On s’en doute, le sujet est difficile, les récits sont bouleversants et la succession des drames d’horreur rend la lecture quelque peu affligeante. Néanmoins, il s’agit d’une minutieuse enquête basée sur 140 affaires de filicides qui se sont déroulés au Québec. L’analyse de genre privilégiée par Cliche constitue « un début d’explication des différences de genre dans l’accomplissement et la perception du filicide » (p. 25). Tandis que l’analyse du discours des juges, des journalistes, des médecins et des psychiatres ainsi que des réactions du public, en général, permet de comparer les motivations tant des hommes que des femmes et leur peine imposée pour avoir causé la mort d’un ou de plusieurs de leurs enfants, d’observer les perceptions du filicide, au cours des deux derniers siècles, et de tracer l’évolution des lois criminelles. Tout cela dans le but de saisir tant l’évolution des formes de filicides que celle de la jurisprudence et des mentalités de la société québécoise.
Quatre périodes découpent habilement, sur deux siècles, l’évolution des lois criminelles en relation avec les progrès de la psychiatrie et de la médecine légale. Elles révèlent qu’il a fallu tout un siècle avant de mettre au jour le phénomène des « enfants martyrs » (1875-1920) et que c’est l’histoire de la petite Aurore Gagnon, en 1920, qui entraîne une vague de dénonciations (1920-1945). L’après-Seconde Guerre mondiale marque la prise de conscience de l’ampleur du phénomène des enfants battus et le début d’une nouvelle ère dans l’histoire de la protection de l’enfance (1945-1965).

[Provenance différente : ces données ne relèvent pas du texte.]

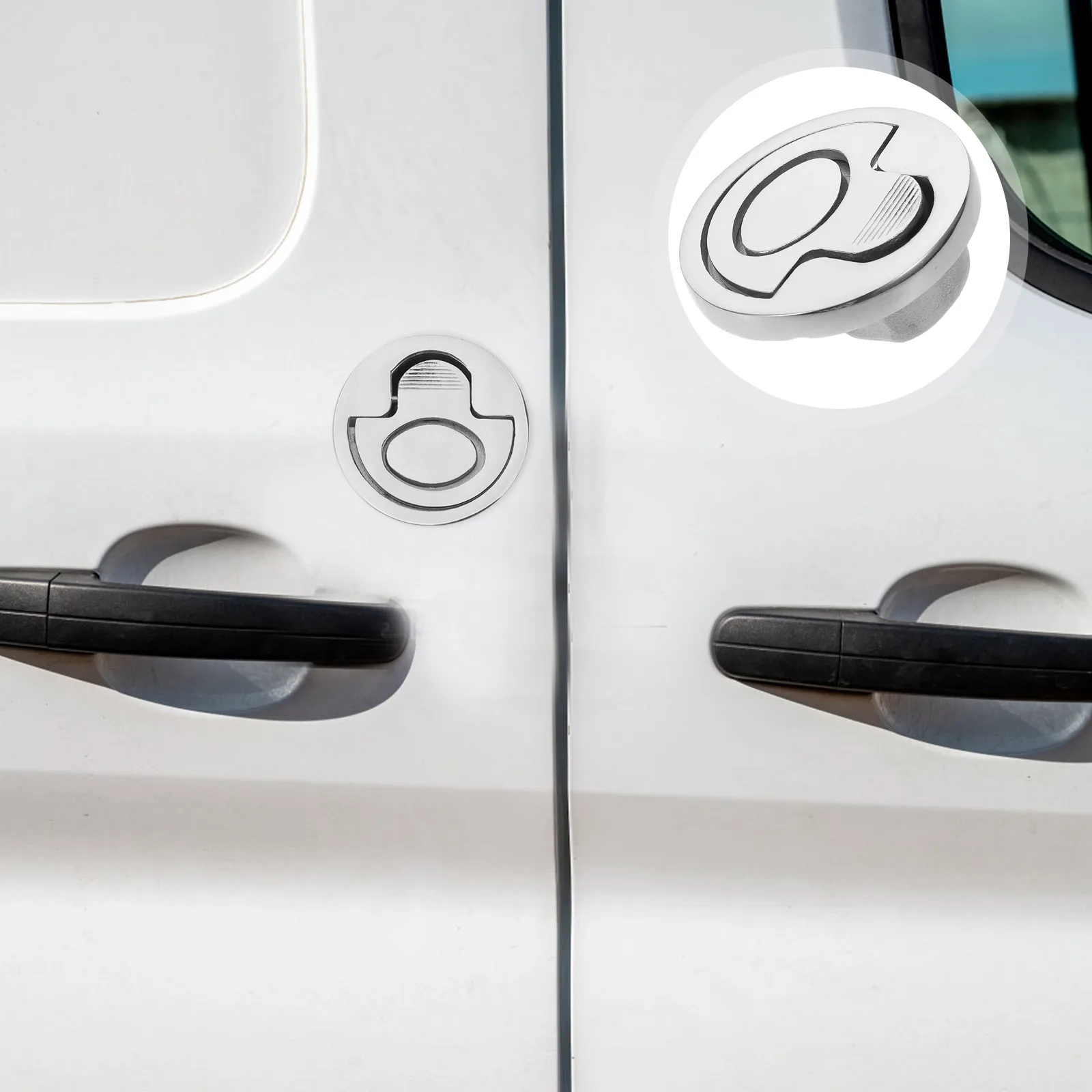 Bodenschnalle Edelstahl Flush Pull für Boot Boot Tür Riegel Luke Schranktür Marine Luke Riegel RV Hardware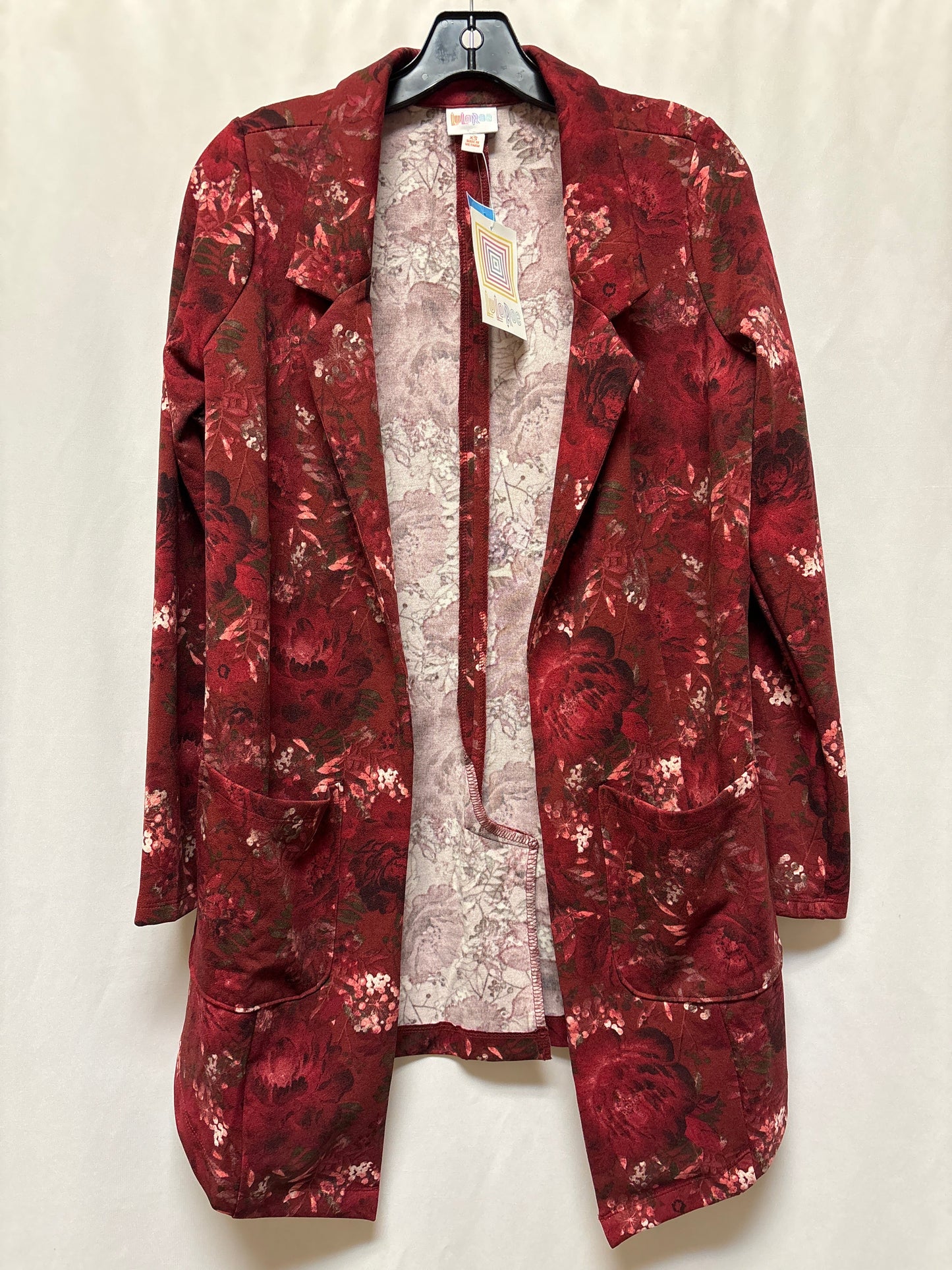 Blazer By Lularoe In Red, Size: Xs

Les spécialistes historiens, criminologues et sociologues apprécieront la qualité de cette audacieuse recherche menée sur un sujet encore trop peu connu de l’historiographie. Cliche fait la démonstration, à partir d’études de cas, que c’est la folie d’un parent qui explique, le plus souvent, le geste atroce de tuer son enfant. Et cela, parce que l’opinion que les parents, mais surtout les mères, vouent un amour inné à leurs enfants demeure, pendant toute la période étudiée, une croyance commune. Toutefois, comme le soulève Cliche, l’explication de la dépression nerveuse, privilégiée par les psychiatres et les avocats, risque de « dissimuler d’autres motifs moins édifiants » (p. 187). Nul doute, l’essai de Cliche est une remarquable enquête historique qui s’inscrit dans un champ plus large de la recherche qui embrasse le sujet de la folie.